Dynamic confirmation. Traced under headless TilEm: sin(1) in radian mode (sin1.macro) drives _SinCosRad. The flag init, the exponent gate (735D LD A,(0x8479); SUB 0x80; JP C,02:73D4; CP 0x0C; JP NC — neither branch taken, since exp(1)=0 is in [0,12)), the reduction multiply by the 02:7D81 constant (7372 LD HL,02:7D81; CALL ram:1AE2), and the table-stepping loader 02:731D returning successive rows of 02:7201 (HL = 7209/7219/…/7279, 16-byte stride) all execute as described.

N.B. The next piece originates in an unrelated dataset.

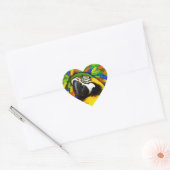 Goud en blauw Macaw Parrot Fantasy Heart Stickers (Envelop)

On-screen result: .8414709848. (Per-row coefficient meaning remains the open piece.)

Coefficient tables [confirmed]

02:7D1E zeroes the OP2 type byte, indexes 02:7D42 + 9*A, then copies the selected constant image into OP2. The only LD A,n; CALL ram:2362 uses in this cluster are A=3 (log10(e)) and A=6 (ln(10)); the later trig reduction constants are loaded directly from the same nearby block.

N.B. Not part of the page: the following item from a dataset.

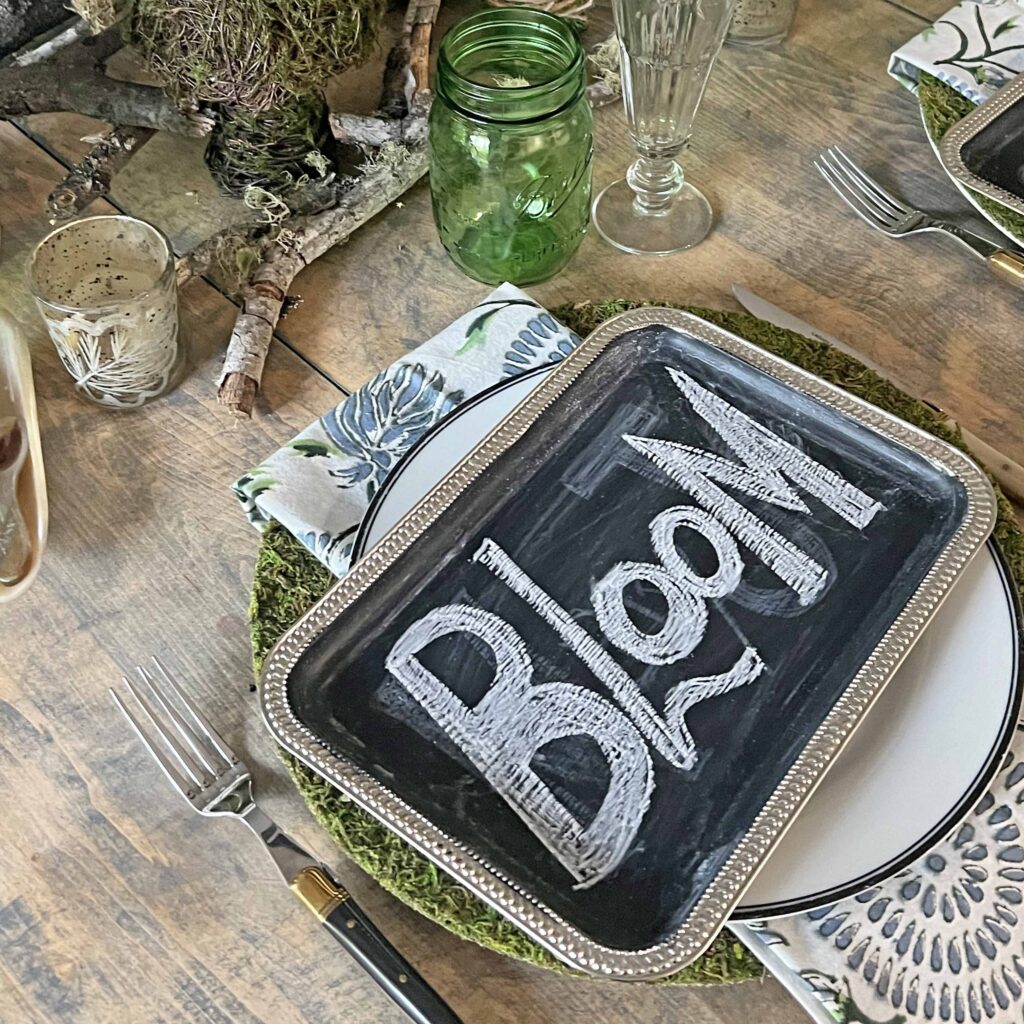 woodsy spring blooming table scape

02:7D42 constants, 9-byte stride:
  [00] 81 57 29 57 79 51 30 82 32
  [01] 80 15 70 79 63 26 79 48 97
  [02] 7F 78 53 98 16 33 97 44 83
  [03] 7F 43 42 94 48 19 03 25 18  ; log10(e) fetch site
  [04] 80 31 41 59 26 53 58 98 00
  [05] 7E 17 45 32 92 51 99 43 30
  [06] 80 23 02 58 50 92 99 40 46  ; ln(10) fetch site
  [07] 62 83 18 53 07 17 96 31 41  ; direct trig-reduction region starts here
  [08] 59 26 53 58 98 78 53 98 16

02:7181 is the shared ln/e^x digit table loaded by 02:7301/02:7302/02:7305. It has 16 8-byte rows:

[00] 30 10 29 99 56 63 98 12  [01] 04 13 92 68 51 58 22 50
[02] 00 43 21 37 37 82 64 26  [03] 00 04 34 07 74 79 31 86
[04] 00 00 43 42 72 76 86 27  [05] 00 00 04 34 29 23 10 45
[06] 00 00 00 43 42 94 26 48  [07] 00 00 00 04 34 29 44 60
[08] 00 00 00 00 43 42 94 48  [09] 00 00 00 00 04 34 29 45
[10] 00 00 00 00 00 43 42 94  [11] 00 00 00 00 00 04 34 29
[12] 00 00 00 00 00 00 43 43  [13] 00 00 00 00 00 00 04 34
[14] 00 00 00 00 00 00 00 43  [15] 00 00 00 00 00 00 00 04

02:7201 and 02:7281 are the forward sin/cos signed recurrence tables (the per-row near-unity factors the digit loop steps through, per the shared algorithm above). Each row is 16 bytes: the first 8-byte variant is selected when 0x84A4 bit 7 is clear, and the second 8-byte variant is selected when it is set.

02:7201:
[00] 09 96 68 65 24 91 16 20 | 10 03 35 34 77 31 07 56
[01] 09 99 96 66 68 66 65 24 | 10 00 03 33 35 33 34 76
[02] 09 99 99 96 66 66 68 67 | 10 00 00 03 33 33 35 33
[03] 09 99 99 99 96 66 66 67 | 10 00 00 00 03 33 33 33
[04] 09 99 99 99 99 96 66 67 | 10 00 00 00 00 03 33 33
[05] 09 99 99 99 99 99 96 67 | 10 00 00 00 00 00 03 33
[06] 09 99 99 99 99 99 99 97 | 10 00 00 00 00 00 00 03
[07] 10 00 00 00 00 00 00 00 | 10 00 00 00 00 00 00 00

02:7281:
[00] 95 09 85 29 44 83 72 02 | 10 52 06 69 51 89 55 92
[01] 99 94 95 10 19 99 69 80 | 10 00 50 52 03 08 13 30
[02] 99 99 94 94 95 10 20 35 | 10 00 00 50 50 52 03 05
[03] 99 99 99 94 94 94 95 10 | 10 00 00 00 50 50 50 52
[04] 99 99 99 99 94 94 94 95 | 10 00 00 00 00 50 50 51
[05] 99 99 99 99 99 94 94 95 | 10 00 00 00 00 00 50 51
[06] 99 99 99 99 99 99 94 95 | 10 00 00 00 00 00 00 51
[07] 99 99 99 99 99 99 99 95 | 10 00 00 00 00 00 00 01

The forward ln, e^x, and sin/cos paths all run on the table-driven digit recurrence above — a selector that steps through a coefficient table one row at a time, on shift-and-add (ln/e^x loaded from 02:7181; sin/cos from 02:7201/02:7281). The separate arctangent engine behind inverse trig uses a base-10 CORDIC iteration, documented in Calculation Engine.